PROBLEM: Only one span of the listing below is wanted: the lines from the one with "Messi me saludó: 'Hola, chico" through the one with "Bella Patina at", reproduced exactly, both ends kept.
--------------------------------
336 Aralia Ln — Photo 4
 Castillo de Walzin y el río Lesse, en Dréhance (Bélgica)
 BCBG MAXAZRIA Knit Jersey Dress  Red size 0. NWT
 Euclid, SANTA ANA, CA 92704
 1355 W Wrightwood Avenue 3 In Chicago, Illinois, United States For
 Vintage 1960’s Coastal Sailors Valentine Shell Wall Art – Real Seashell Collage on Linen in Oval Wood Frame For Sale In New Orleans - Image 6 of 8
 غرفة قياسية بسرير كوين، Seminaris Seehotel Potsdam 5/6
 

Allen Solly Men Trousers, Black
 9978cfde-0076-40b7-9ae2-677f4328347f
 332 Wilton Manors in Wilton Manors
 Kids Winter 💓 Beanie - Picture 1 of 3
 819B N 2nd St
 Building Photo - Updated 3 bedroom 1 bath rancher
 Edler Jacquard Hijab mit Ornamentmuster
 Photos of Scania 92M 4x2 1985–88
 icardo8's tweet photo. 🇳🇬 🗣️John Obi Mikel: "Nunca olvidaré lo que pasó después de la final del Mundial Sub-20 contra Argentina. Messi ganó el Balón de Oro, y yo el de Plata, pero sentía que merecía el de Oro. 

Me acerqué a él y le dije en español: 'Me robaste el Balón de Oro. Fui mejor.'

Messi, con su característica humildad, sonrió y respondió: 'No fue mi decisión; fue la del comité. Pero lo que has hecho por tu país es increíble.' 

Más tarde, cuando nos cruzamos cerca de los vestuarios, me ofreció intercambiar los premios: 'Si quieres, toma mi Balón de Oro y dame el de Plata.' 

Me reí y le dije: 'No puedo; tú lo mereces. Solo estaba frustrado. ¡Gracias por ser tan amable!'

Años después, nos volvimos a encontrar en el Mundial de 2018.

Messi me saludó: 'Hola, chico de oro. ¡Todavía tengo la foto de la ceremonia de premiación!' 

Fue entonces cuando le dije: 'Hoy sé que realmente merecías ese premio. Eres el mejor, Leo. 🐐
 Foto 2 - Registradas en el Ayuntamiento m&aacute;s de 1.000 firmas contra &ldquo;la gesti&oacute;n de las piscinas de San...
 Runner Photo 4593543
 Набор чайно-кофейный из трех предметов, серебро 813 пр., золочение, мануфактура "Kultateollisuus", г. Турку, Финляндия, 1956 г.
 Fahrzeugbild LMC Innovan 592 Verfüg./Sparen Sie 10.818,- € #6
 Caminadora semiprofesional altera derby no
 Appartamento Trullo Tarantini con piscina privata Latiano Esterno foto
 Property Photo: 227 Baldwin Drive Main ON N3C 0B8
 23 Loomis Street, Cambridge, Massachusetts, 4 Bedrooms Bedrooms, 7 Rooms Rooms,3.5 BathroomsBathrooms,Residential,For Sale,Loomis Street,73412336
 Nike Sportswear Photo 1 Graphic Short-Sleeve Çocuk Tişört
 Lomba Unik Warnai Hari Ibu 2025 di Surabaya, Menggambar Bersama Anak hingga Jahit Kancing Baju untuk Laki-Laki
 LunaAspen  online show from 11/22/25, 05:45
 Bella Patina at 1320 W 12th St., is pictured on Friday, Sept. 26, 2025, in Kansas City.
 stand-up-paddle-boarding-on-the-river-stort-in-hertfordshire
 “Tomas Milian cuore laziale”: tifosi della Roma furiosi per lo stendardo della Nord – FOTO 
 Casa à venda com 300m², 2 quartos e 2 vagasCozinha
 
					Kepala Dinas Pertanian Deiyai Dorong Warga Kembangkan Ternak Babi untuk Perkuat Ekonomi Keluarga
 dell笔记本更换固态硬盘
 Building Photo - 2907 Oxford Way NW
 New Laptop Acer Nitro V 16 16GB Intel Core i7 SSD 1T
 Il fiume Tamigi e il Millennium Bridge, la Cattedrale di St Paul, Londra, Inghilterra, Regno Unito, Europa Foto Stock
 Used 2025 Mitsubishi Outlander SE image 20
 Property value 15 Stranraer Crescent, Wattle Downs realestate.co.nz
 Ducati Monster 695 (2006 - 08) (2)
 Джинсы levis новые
--------------------------------
WRITTEN ANSWER:
Messi me saludó: 'Hola, chico de oro. ¡Todavía tengo la foto de la ceremonia de premiación!' 

Fue entonces cuando le dije: 'Hoy sé que realmente merecías ese premio. Eres el mejor, Leo. 🐐
 Foto 2 - Registradas en el Ayuntamiento m&aacute;s de 1.000 firmas contra &ldquo;la gesti&oacute;n de las piscinas de San...
 Runner Photo 4593543
 Набор чайно-кофейный из трех предметов, серебро 813 пр., золочение, мануфактура "Kultateollisuus", г. Турку, Финляндия, 1956 г.
 Fahrzeugbild LMC Innovan 592 Verfüg./Sparen Sie 10.818,- € #6
 Caminadora semiprofesional altera derby no
 Appartamento Trullo Tarantini con piscina privata Latiano Esterno foto
 Property Photo: 227 Baldwin Drive Main ON N3C 0B8
 23 Loomis Street, Cambridge, Massachusetts, 4 Bedrooms Bedrooms, 7 Rooms Rooms,3.5 BathroomsBathrooms,Residential,For Sale,Loomis Street,73412336
 Nike Sportswear Photo 1 Graphic Short-Sleeve Çocuk Tişört
 Lomba Unik Warnai Hari Ibu 2025 di Surabaya, Menggambar Bersama Anak hingga Jahit Kancing Baju untuk Laki-Laki
 LunaAspen  online show from 11/22/25, 05:45
 Bella Patina at 1320 W 12th St., is pictured on Friday, Sept. 26, 2025, in Kansas City.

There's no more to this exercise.